| Directions for this task |
Return only the lines of the data below from the line with "Jasper, a Adopted" up to and including the line with "Woodland, Nature, Autumn, Path", exactly as written, with the pictures omitted.

| Data |
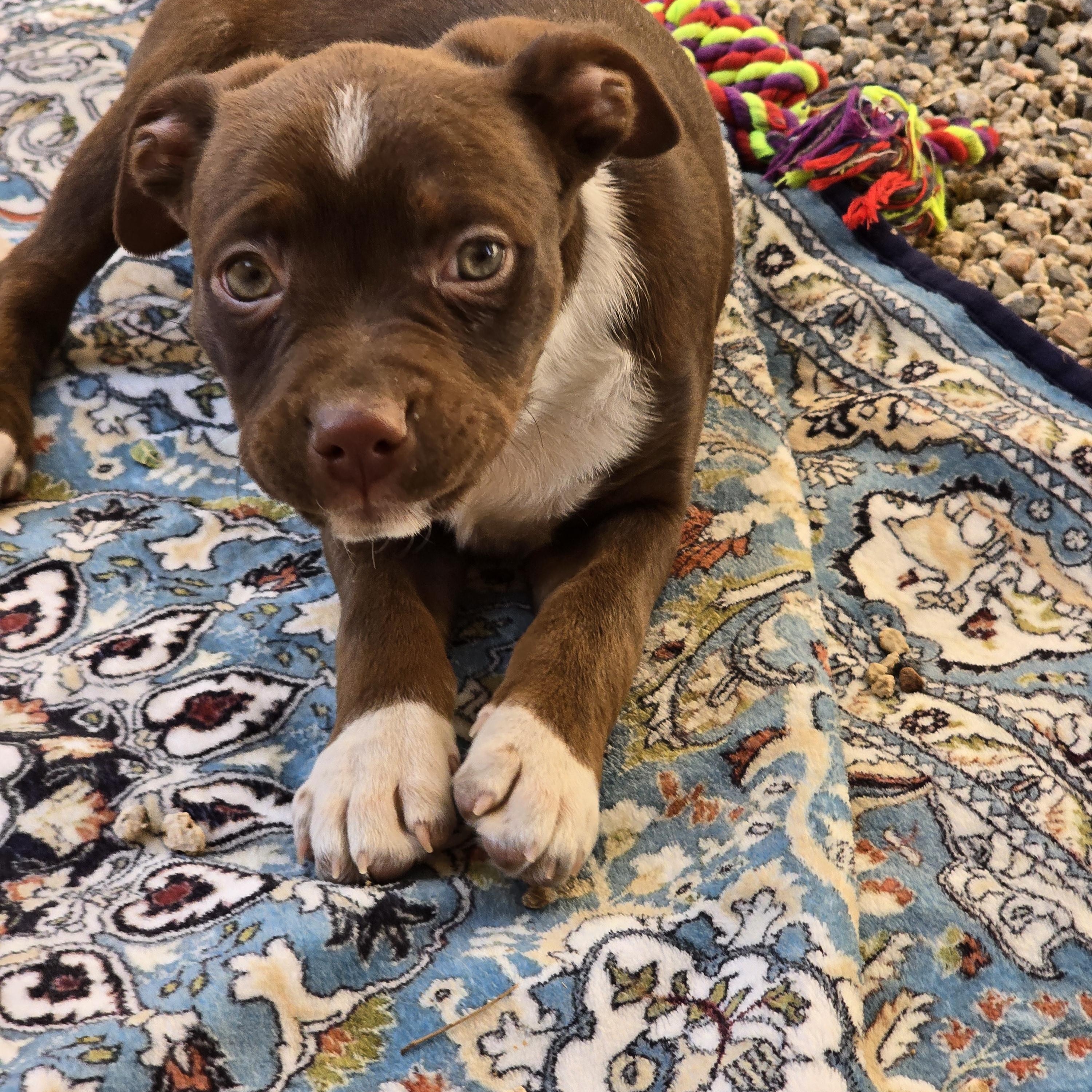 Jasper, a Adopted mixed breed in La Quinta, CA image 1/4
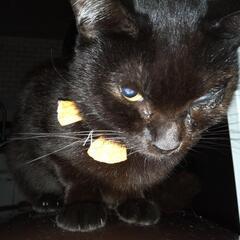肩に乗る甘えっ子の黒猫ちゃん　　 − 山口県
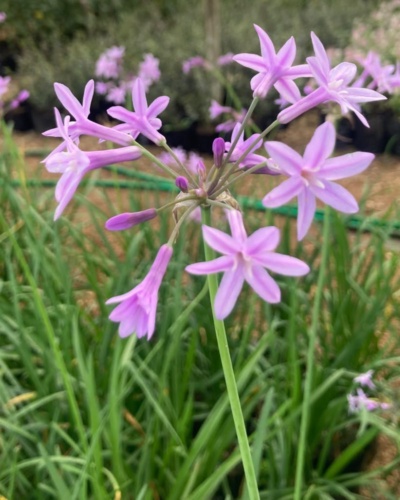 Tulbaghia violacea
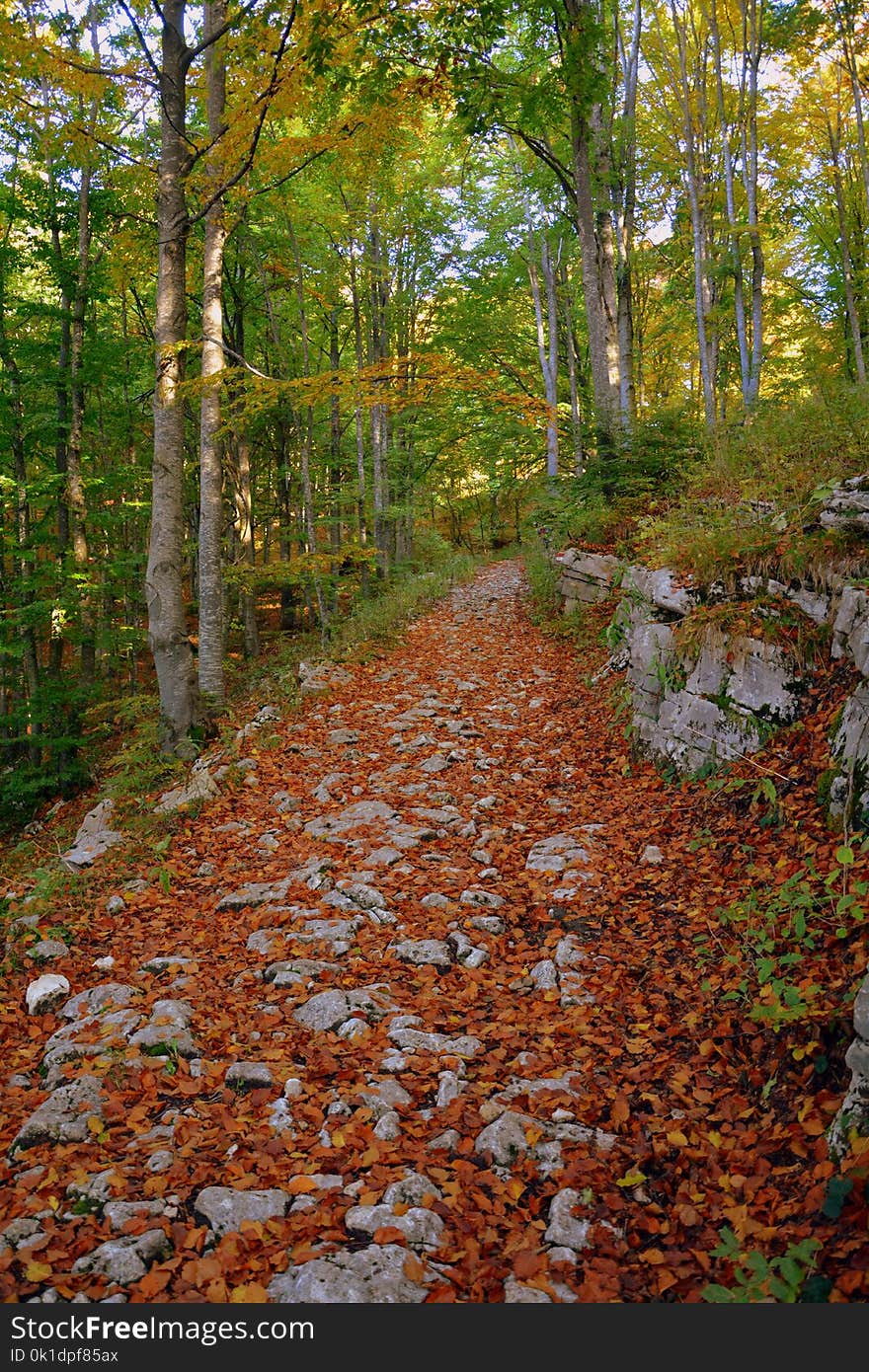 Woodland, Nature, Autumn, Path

--

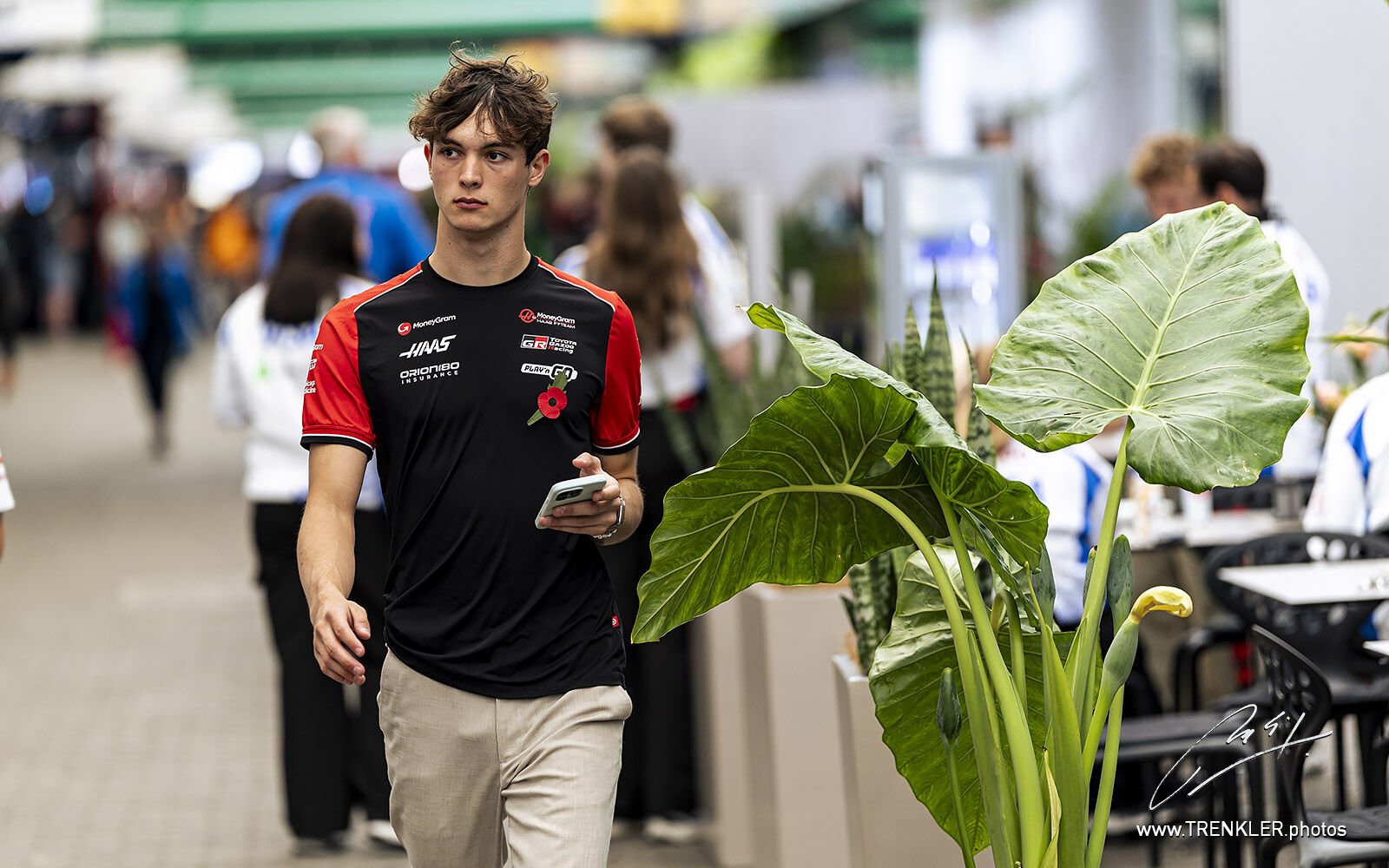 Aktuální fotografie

| Exercise result |
 Jasper, a Adopted mixed breed in La Quinta, CA image 1/4
肩に乗る甘えっ子の黒猫ちゃん　　 − 山口県
 Tulbaghia violacea
 Woodland, Nature, Autumn, Path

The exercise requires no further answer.